AFMC Management Sciences Division logistics analysis - Current Logistics Research

Air Force Journal of Logistics, Summer, 2002 by Richard Moore

Questions are never indiscreet. Answers sometimes are.

-- Oscar Wilde

Air Force logisticians are constantly faced with difficult decisions. "Should I buy part X or part Y?" "Which requisition should I satisfy first?" "Which part should I repair first?" Not only are these questions themselves difficult, but the tremendous impact the answers have on the readiness of the Air Force intensifies the decision. The incredible number of these decisions being made every day can be overwhelming, but through the prudent application of professional analysis, logisticians are able to make the best decisions supporting the warfighter.

Providing professional analysis support for these types of decisions is the primary business of the Management Sciences Division of the Air Force Materiel Command (AFMC). The majority of the analysts have advanced degrees in technical areas such as operations research, mathematics, engineering, and management sciences. Although the division is a part of the Directorate of Plans and Programs, it often performs studies and analyses for clients outside the directorate, particularly in the AFMC Logistics Directorate

In 2001, Management Sciences devoted a major portion of its efforts toward implementing and improving methods for managing materiel spares and further expanded its scope to other AFMC mission areas (product support, depot maintenance) where it could provide decision-support products and analytic tools could be applied. Generally, the tools and products helped the mission areas determine requirements, allocate resources, execute support actions, and assess impact. The following summary highlights three of the most significant spares management studies and provides an overview of other contributions.

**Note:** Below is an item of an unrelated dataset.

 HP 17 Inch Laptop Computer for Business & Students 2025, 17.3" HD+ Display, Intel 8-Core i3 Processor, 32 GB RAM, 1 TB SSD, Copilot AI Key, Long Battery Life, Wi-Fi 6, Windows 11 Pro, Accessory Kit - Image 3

Customer-Oriented Leveling Technique

The depots have fixed funding each year for buying Defense Logistics Agency (DLA)-managed spare parts in support of depot-maintenance operations. The funding varies from $600M to $800M a year, which can be spent on roughly 300,000 parts across the three depots. How should this money be spent to best support the depot maintainers and, ultimately, the warfighter?

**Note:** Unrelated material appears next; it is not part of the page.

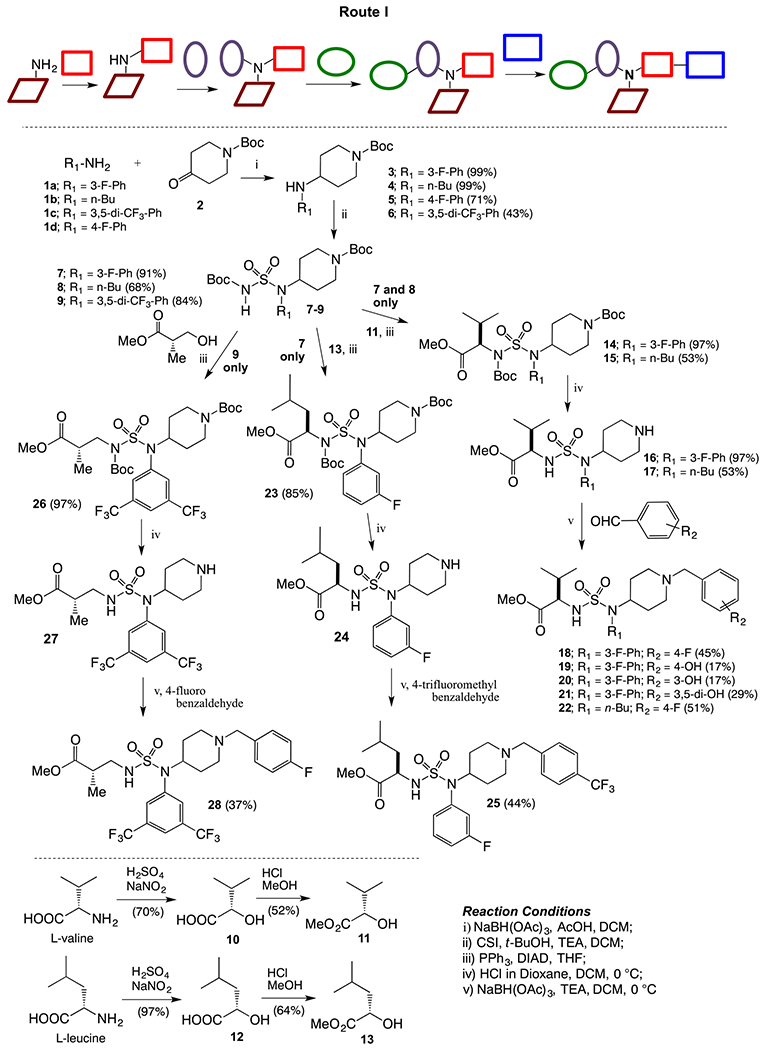 Scheme 1.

Each of the air logistics centers (ALC) had developed its own answers to this question, but none adequately accounted for various factors that affect supply support:

* Available spares budget

* Expected responsiveness from DLA for each part

* Cost of each part

* Variability in demand for each part

Even more important, none of the previous policies explicitly targeted customer support when setting spares levels.

Management and Sciences worked with the Supply Division and the depots to develop a standard depot-stockage policy for AFMC. The policy became embedded within a Management Sciences-developed, database-driven tool--the Customer-Oriented Leveling Technique (COLT). A COLT was developed to determine optimally which DLA-managed parts the depots should buy to achieve the lowest possible, expected customer wait time for a given amount of General Support Division funding. With COLT customer wait time, reductions of up to 80 percent may be possible for the same level of funding.

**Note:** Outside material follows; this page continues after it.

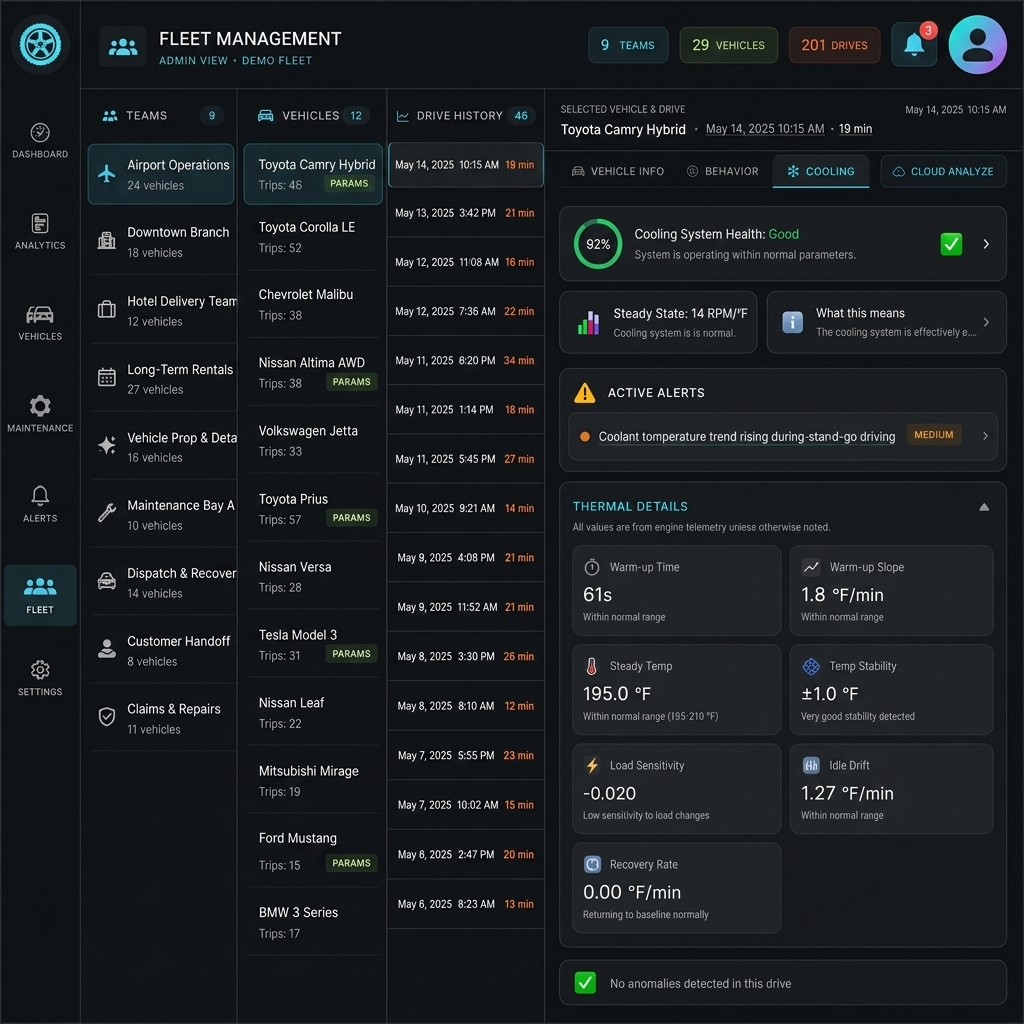 Raste Fleet Dashboard showing cooling system analysis for Toyota Camry Hybrid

COLT was implemented across all three depots by November 2001. The actual customer wait time across all depots was baselined on 1 October 2001 at 6.94 days and, as of 1 July 2000, had fallen to 3.88 days--a 44-percent reduction. As a result of these dramatic successes at the depots, efforts have begun to expand COLT to the base level at other major commands (MAJCOM).

Evaluation of Commercial Off-the-Shelf Forecasting Packages

Which spare parts will my customers be requesting in the future? There is no more fundamental question in spares management than this; yet, it is also one of the most difficult. If the answers were known, the savings in inventory costs and improvements in readiness would be tremendous. Because of this, the search for this logistics Holy Grail has led many to suggest that commercial industry must have better forecasting techniques than the Air Force. Management Sciences evaluated the performance of commercial-off-the-shelf (COTS) packages relative to the performance of the forecasting techniques in AFMC's Secondary Items Requirements System (SIRS or D200A), which is used to compute future spares requirements for recoverable items.

The purpose of the study was to determine whether or not a commercial forecasting software package with an expert selection capability could generate more accurate forecasts than the four techniques currently being used in D200A. A forecasting software package with expert selection capability automatically determines what technique, from a set of different forecasting techniques, to use when forecasting future values of a time series. The study examined six different COTS forecasting packages. Each package was used to generate forecasts for stock numbers from several samples of data--including random samples, a sample of items with high mission-incapable hours, a sample of items with high demand-to-program ratios, and a sample of low-demand items. The forecasting accuracy of each commercial package was compared to the forecasting accuracy of the 8-quarter moving average technique from D200A. The 8-quarter moving average was selected as the baseline for comparison because it is currently the most frequently u sed forecasting technique in the system.